This post started as a reference document to save me from Googling every time I needed to get up and running. The whole point of rapid prototyping is to get started quickly and validate that your idea or approach has legs. This process is far from perfect, but it happens to work well for me. You may have another process that works well for you. That is awesome, and I would love to hear about it.

Let’s first get it out on the table that there are no shortage of solid, feature-rich prototyping tools out there. You should definitely aim to be at least familiar with a few of them and not rely on just one for all of your needs. Here is a great review of a bunch of them by one of my colleagues. Lots of times a clickable prototype built with Sketch and InVision are sufficient to test out your idea. Other times, your goal is to be a little more detailed in your interactions and need to enlist a tool like Principle or Flinto. However, when you need to integrate data from a server, it makes sense to build a prototype with a combination of HTML, CSS, and JavaScript.

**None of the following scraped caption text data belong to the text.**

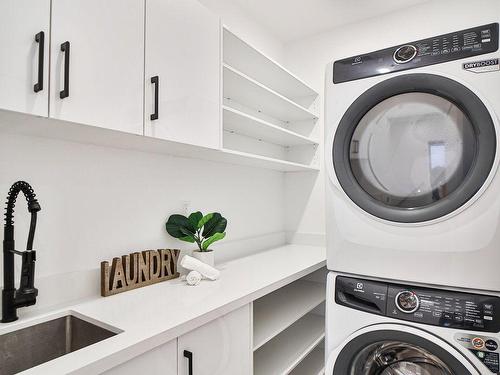 54 Batavia Ave, Toronto, ON - Indoor Photo Showing Laundry Room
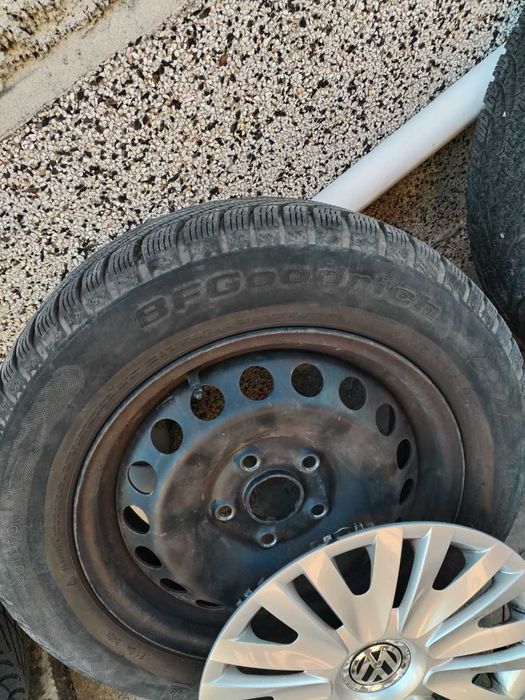 Продавам зимни гуми със стоманени джанти и оригинални тасове 15 цола.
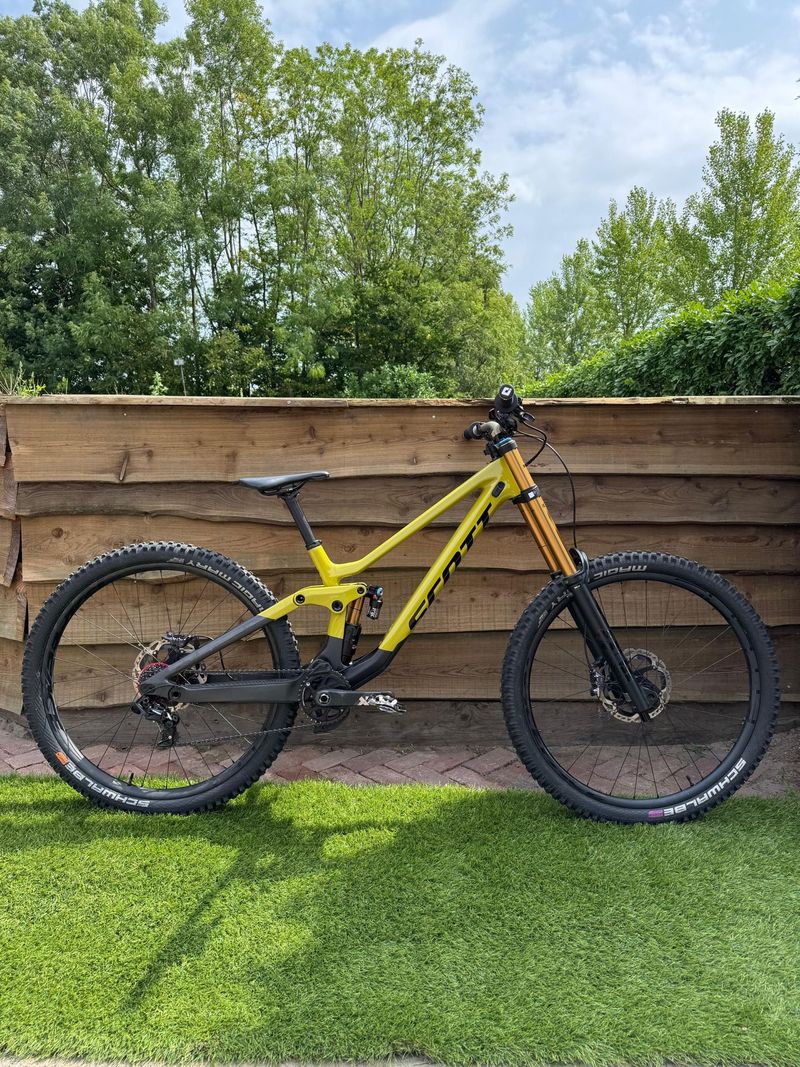 Tweedehands Scott Gambler 900 Tuned 2023 2023 MTB
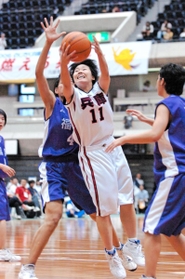 福岡戦第３クオーター、シュートする兵庫の竹川里香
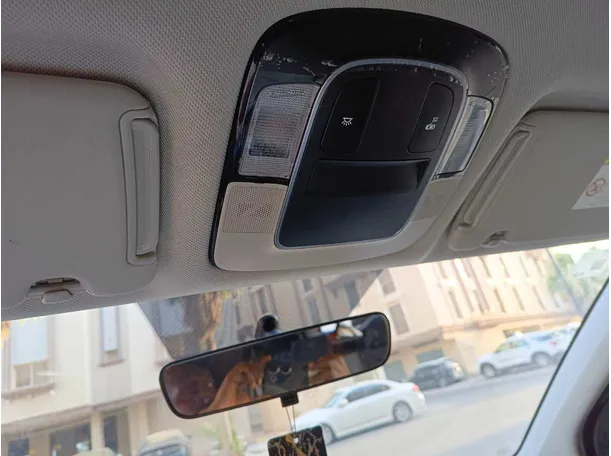 Car image 29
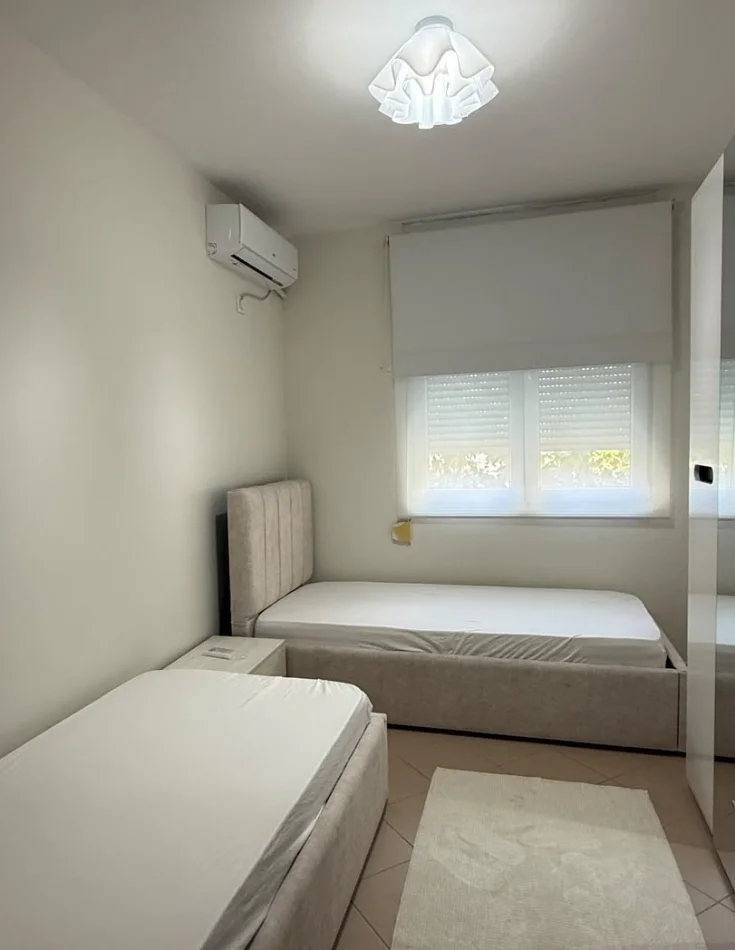 Tirane, jepet me qera apartament 2+1 Kati 3, 120 m² 760 € 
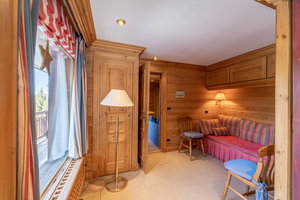 For sale: exceptional property jewels. 4104470010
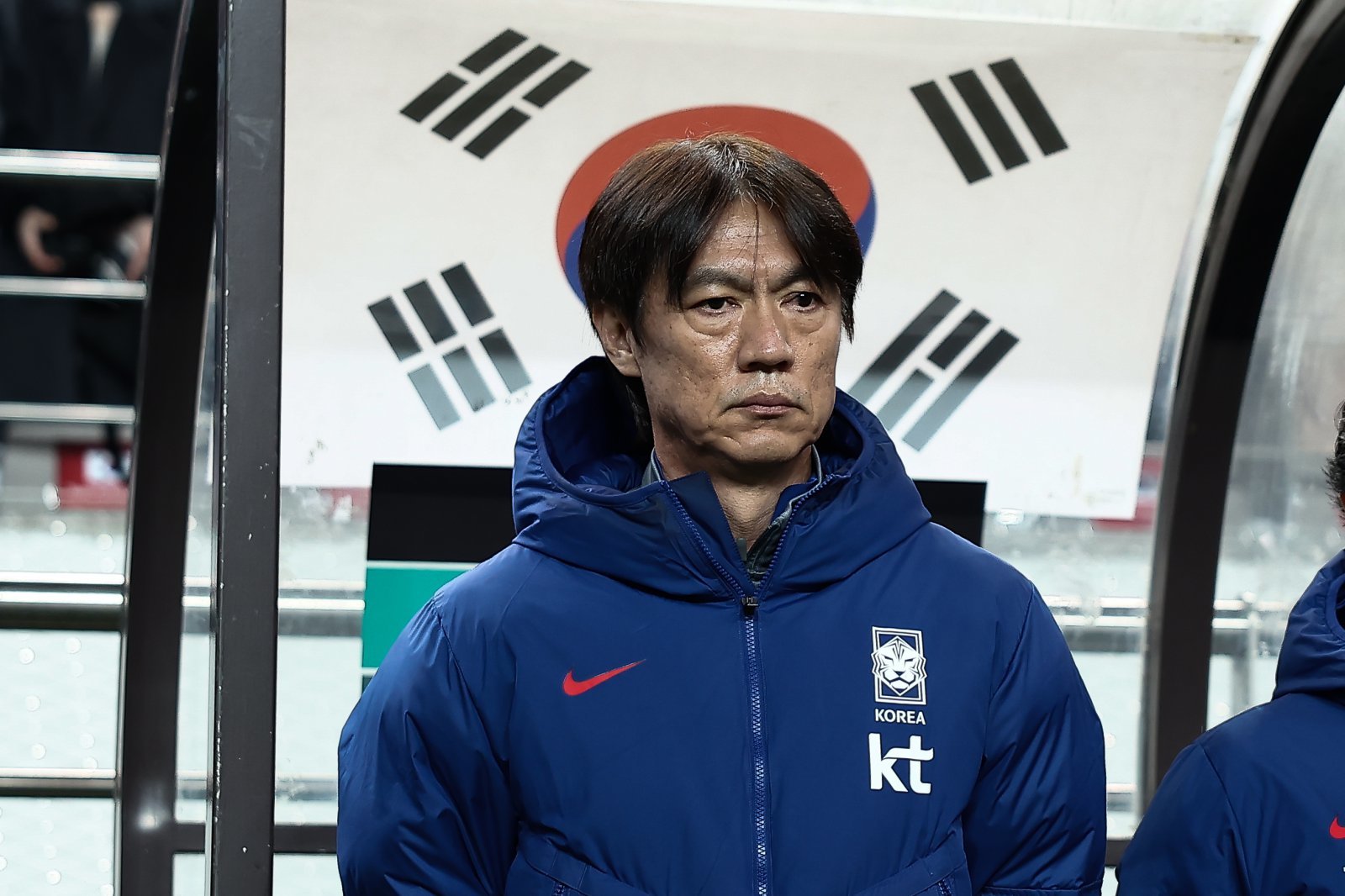 축구국가대표팀 홍명보 감독이 지난해 11월 가나전 도중 그라운드를 바라보고 있다. 사진제공｜대한축구협회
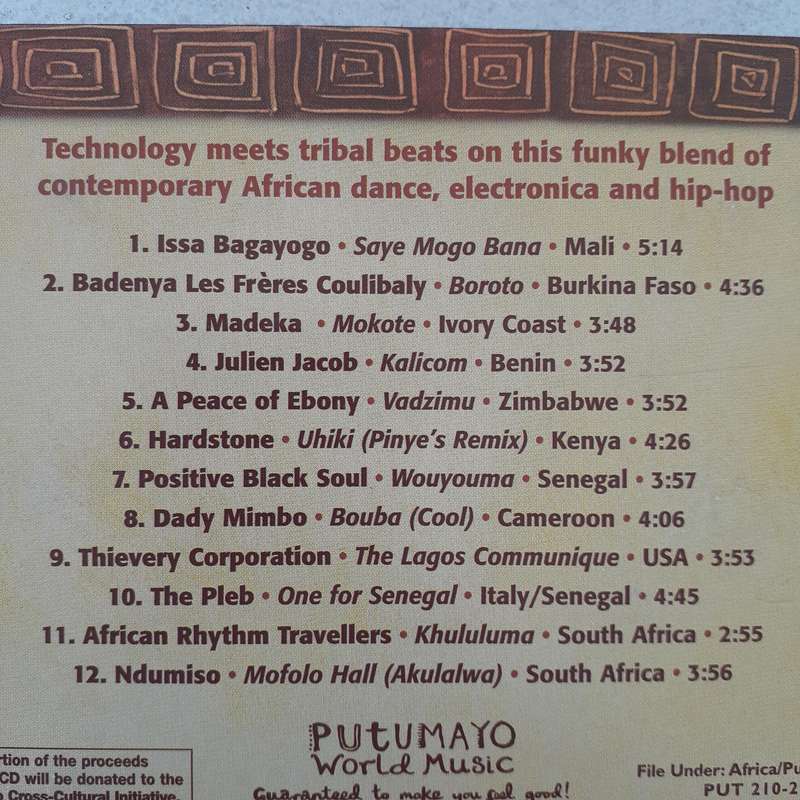 Putumayo Presents: African Groove (Various Artists) (2003)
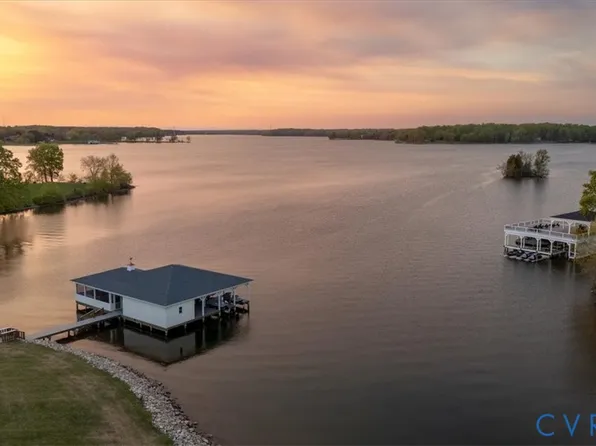 26 Lake Ct, Bumpass, VA 23024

After having to go down this road a number of times, I wrote a small starter project called Baseplate. It allowed me to jump in quickly, with little setup, and get into coding the prototype. While super simple and barebones, the functionality in Baseplate allows me to get up and running with the task at hand. Whether you find that Baseplate works for you or you choose to come up with your own process, you should definitely have a process.

Part of your process should not involve manually pushing code every time you make changes. It’s a brittle and dangerous way to work especially when there are tools like Codeship and Firebase that can help automate it. Computers are fantastic at doing repeatable tasks that take time away from building awesome things. My coworker Mike wrote an awesome post on this very topic. You should check it out. I’ll wait...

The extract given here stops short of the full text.